A bird in the hand, and other cliches

After reading this article, the biggest scandal I can see is the tangle of cliches and the descent of a once-respected journalist into Koutsoukis-dom:

  • "real-world land" (you can see it from Canberra, can you Steve?)

  • "And after failing to land a blow ... the Government isn't about to let go" (Boxers don't grip each other when landing blows, Steve)

  • "As the ALP's peak organisational body met in the Sussex St head office of the NSW Labor machine, the Liberal Party federal executive was discussing election tactics 300km away, in R.G. Menzies House in Canberra." (and you thought the ALP and the Liberal Party would discuss tactics in the same room?)

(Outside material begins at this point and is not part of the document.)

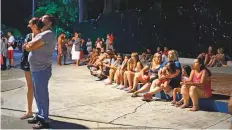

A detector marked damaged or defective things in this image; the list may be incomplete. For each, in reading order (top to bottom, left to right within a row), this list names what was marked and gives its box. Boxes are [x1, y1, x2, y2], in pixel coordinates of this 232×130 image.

pavement crack [108, 101, 146, 124]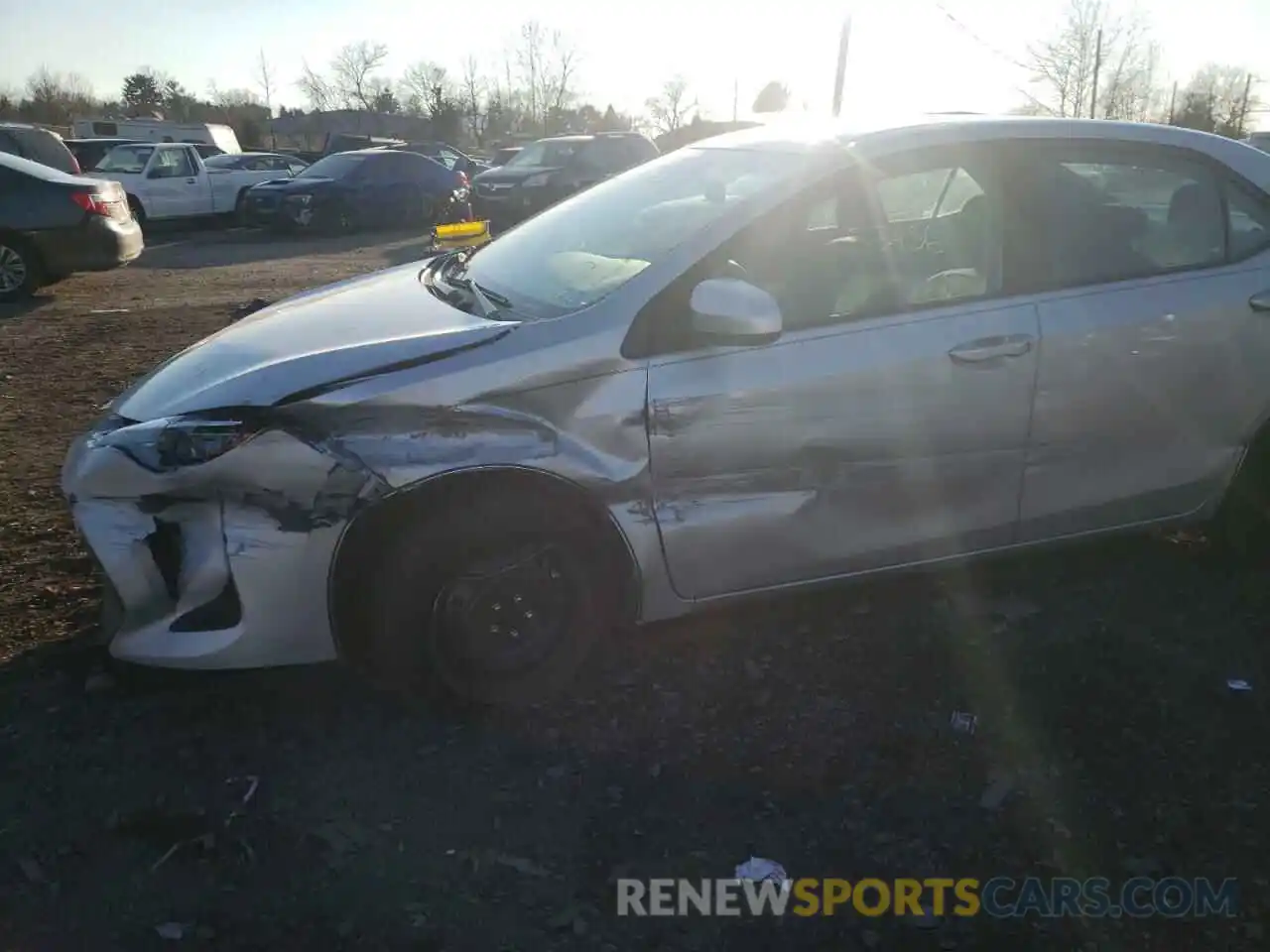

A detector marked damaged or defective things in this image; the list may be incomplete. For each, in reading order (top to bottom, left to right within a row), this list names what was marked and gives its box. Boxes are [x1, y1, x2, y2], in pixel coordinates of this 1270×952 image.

  • "Rudd's loss of grace" (this is no small thing for a committed Christian like Rudd. Having met with a committed felon doesn't strip away redemption from the Lord God, whatever impact it may have had with the press gallery)

  • "Howard and his senior team are hoping the fallout from Burke will have a more lasting impact" (yes, and if not? Howard, Costello and Downer may well be able to smell blood, but is that blood Rudd's? Analysis please Steve. In this paragraph alone Steve compares members of the government to riders, hard men and baying hounds)

  • "Rudd had been mainly sure-footed since defeating Kim Beazley on December 4 in the Caucus ballot." (right, but we're talking about events pre-dating that, aren't we?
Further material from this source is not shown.